There will be a single momentary pushbutton for run/start.

There will be a stop limit switch on a foot operated brake, and a locking mushroom head stop pushbutton on the panel.

There will be a two position rotary or rocker switch to select forward or reverse.

There will also be a potentiometer for speed control - do you suggest a single turn or ten turn pot? Ten turn gives finer resolution - but is it overkill?

There are two inputs for jog controls - one forward and one reverse. I am leaning towards just the forward - is their any reason to have both - or neither?

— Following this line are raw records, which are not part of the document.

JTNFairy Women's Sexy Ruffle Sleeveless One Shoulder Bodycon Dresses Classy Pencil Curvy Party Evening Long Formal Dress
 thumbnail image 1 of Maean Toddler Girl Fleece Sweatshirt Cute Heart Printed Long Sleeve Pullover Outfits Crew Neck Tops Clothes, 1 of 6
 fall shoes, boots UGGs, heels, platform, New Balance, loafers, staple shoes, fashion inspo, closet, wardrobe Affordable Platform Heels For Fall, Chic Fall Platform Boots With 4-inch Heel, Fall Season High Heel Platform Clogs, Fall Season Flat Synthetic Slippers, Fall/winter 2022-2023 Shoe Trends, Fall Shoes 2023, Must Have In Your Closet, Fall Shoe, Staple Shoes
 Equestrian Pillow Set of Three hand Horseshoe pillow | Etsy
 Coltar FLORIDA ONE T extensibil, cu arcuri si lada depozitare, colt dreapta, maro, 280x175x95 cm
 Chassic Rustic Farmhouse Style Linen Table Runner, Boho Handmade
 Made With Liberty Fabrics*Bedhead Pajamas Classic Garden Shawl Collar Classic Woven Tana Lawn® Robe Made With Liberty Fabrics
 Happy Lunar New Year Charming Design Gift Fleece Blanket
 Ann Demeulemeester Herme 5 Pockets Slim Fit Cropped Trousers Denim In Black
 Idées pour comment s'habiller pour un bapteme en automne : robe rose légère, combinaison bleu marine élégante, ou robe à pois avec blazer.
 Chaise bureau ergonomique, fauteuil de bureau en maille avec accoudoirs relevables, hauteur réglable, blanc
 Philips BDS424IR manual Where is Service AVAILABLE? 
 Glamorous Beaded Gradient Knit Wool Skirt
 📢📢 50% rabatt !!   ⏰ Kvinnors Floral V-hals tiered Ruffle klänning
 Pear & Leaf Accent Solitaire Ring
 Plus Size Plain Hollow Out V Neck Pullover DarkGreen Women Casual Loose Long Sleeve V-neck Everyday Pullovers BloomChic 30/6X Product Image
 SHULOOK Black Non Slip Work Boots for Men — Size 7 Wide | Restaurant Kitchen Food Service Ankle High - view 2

Look forward to your input. :)

Godzilla98
6th April 2010, 11:12 PM
(http://www.woodworkforums.com/members/53655-markjaffa/)
Hi there,

The control you have sugested are what I use and it works very well.

What breed have you got?

If you check your configurations on some of these units you can set the stop to be a dead stop - not just shutting off the power - it stop it very quickly, Good for a foot switch safe and can reduce machine damage.

I only have the forward step, and single turn pots. Seems adequate for my needs but you will find it very good to work with.

I stuck my contols in an electical box from the electrical wholesalers - only a few bucks but made it easy to set up with plenty of room between controls.

Cheers

Ian

Dave J
6th April 2010, 11:47 PM
There are are couple of blokes that have done the same thing in the link below.
Grizzly G9003G conversion to Var. Spd. - The Home Shop Machinist & Machinist's Workshop BBS (http://bbs.homeshopmachinist.net/showthread.php?t=39920)
Dave

eskimo
7th April 2010, 09:03 AM
I am about to put a VSD on the mill

I will be using a 0-10v input to control motor speed...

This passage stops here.